DATA SHOWN >>
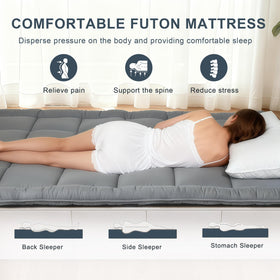 ALPSWAN futon middle layer flex support foam evenly distributing pressure.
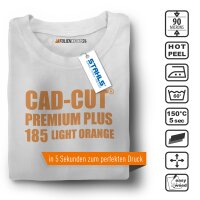 STAHLS® CAD-CUT® Premium Plus Flexfolie 185 Light Orange DIN A4 Bogen, (Bild 2) Nicht farbechte Beispieldarstellung
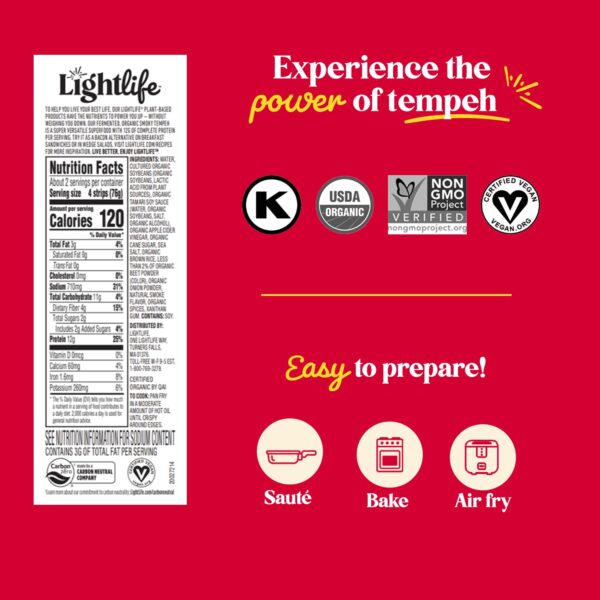 Organic Tempeh Smoky Plant-Based Bacon, 6 oz - Image 5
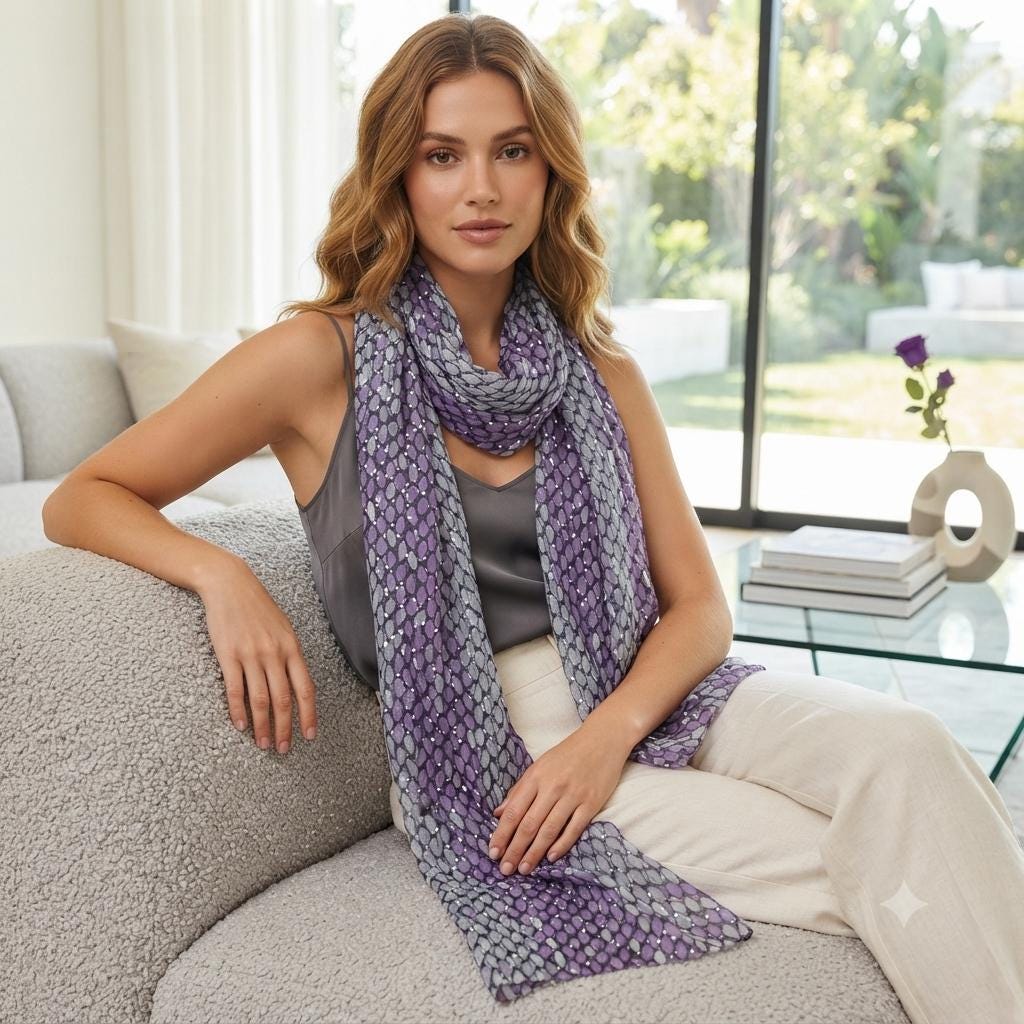 Glitter Raindrop Gradient Print Ladies Celebrity Style Scarves Scarf Wrap Comes with a gift bag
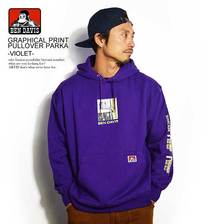 BEN DAVIS GRAPHICAL PRINT PULLOVER PARKA -VIOLET- C-0380033画像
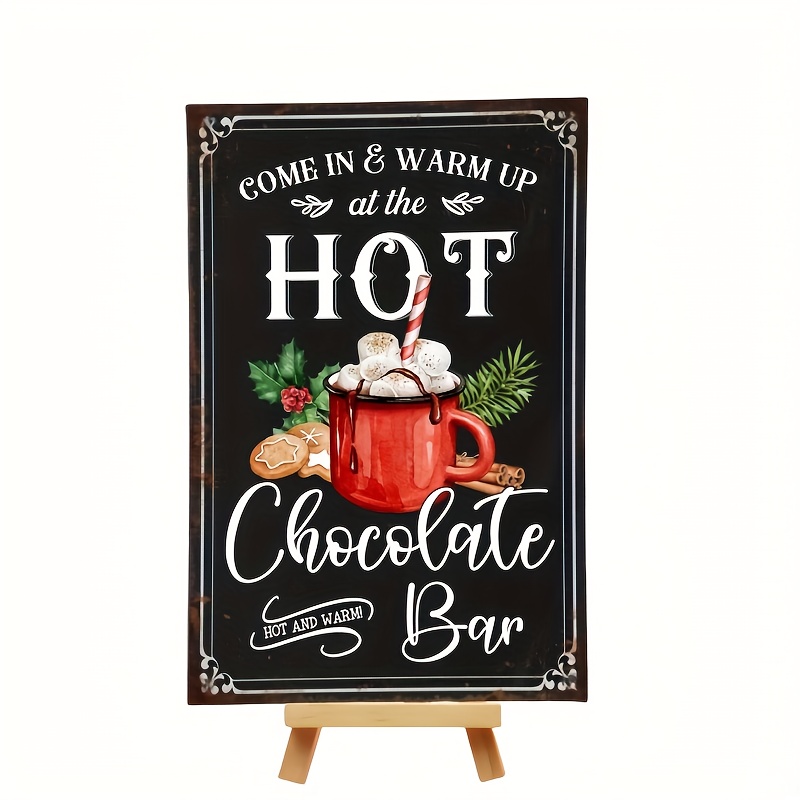 TEMU 1pc Vintage Rustic Wood Hot Chocolate Bar Sign - Farmhouse Wall Art With "come In & Warm Up" & "best Hot Chocolate Bar" Lettering, Recycled Wood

REQUIRED WORK >> Go through the material above and retype every line exactly, without the images.

SOLUTION FOR THIS EXERCISE >>
 ALPSWAN futon middle layer flex support foam evenly distributing pressure.
 STAHLS® CAD-CUT® Premium Plus Flexfolie 185 Light Orange DIN A4 Bogen, (Bild 2) Nicht farbechte Beispieldarstellung
 Organic Tempeh Smoky Plant-Based Bacon, 6 oz - Image 5
 Glitter Raindrop Gradient Print Ladies Celebrity Style Scarves Scarf Wrap Comes with a gift bag
 BEN DAVIS GRAPHICAL PRINT PULLOVER PARKA -VIOLET- C-0380033画像
 TEMU 1pc Vintage Rustic Wood Hot Chocolate Bar Sign - Farmhouse Wall Art With "come In & Warm Up" & "best Hot Chocolate Bar" Lettering, Recycled Wood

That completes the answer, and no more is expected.